— Exercise prompt —
Copy each line below word for word and drop every image.

*** Opening of Data section ***

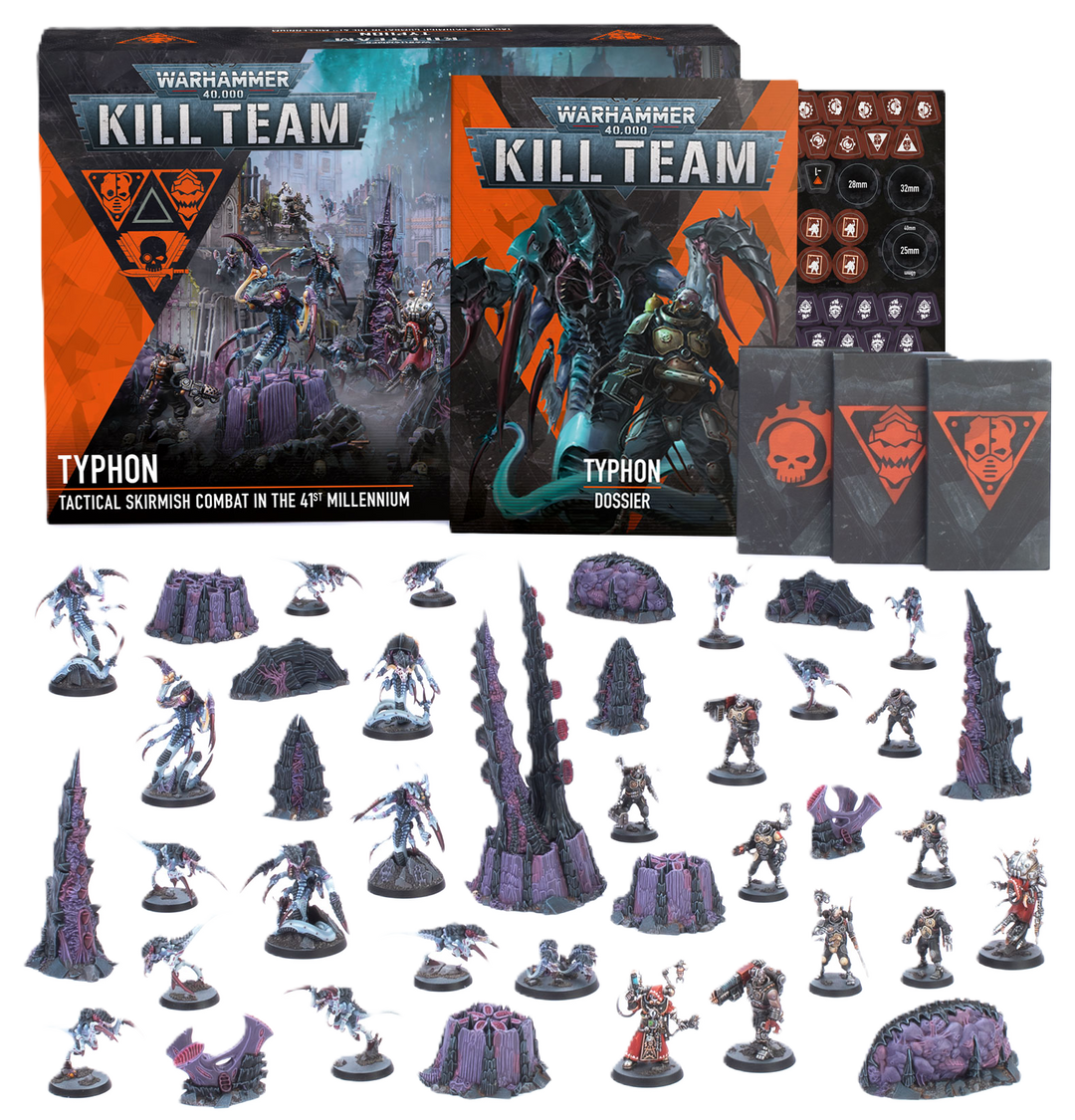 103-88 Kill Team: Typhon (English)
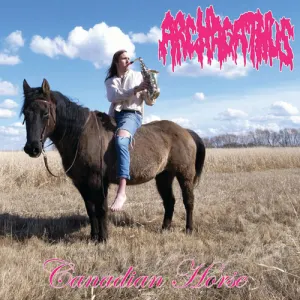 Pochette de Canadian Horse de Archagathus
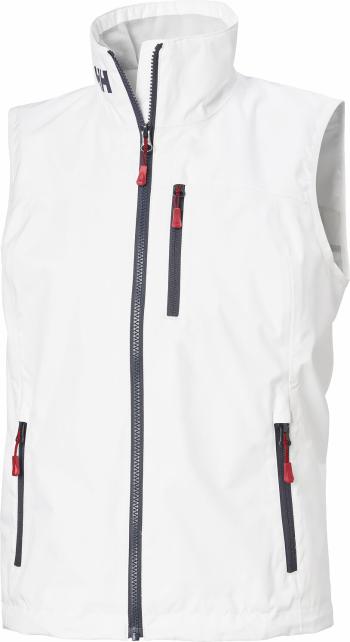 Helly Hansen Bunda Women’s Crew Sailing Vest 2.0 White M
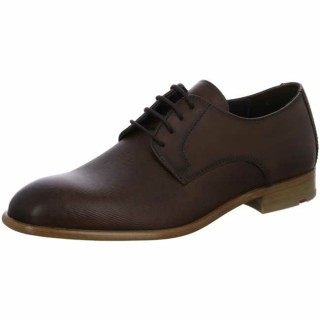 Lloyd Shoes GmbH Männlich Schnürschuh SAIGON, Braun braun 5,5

*** Close of Data section ***

— Exercise result —
 103-88 Kill Team: Typhon (English)
 Pochette de Canadian Horse de Archagathus
 Helly Hansen Bunda Women’s Crew Sailing Vest 2.0 White M
 Lloyd Shoes GmbH Männlich Schnürschuh SAIGON, Braun braun 5,5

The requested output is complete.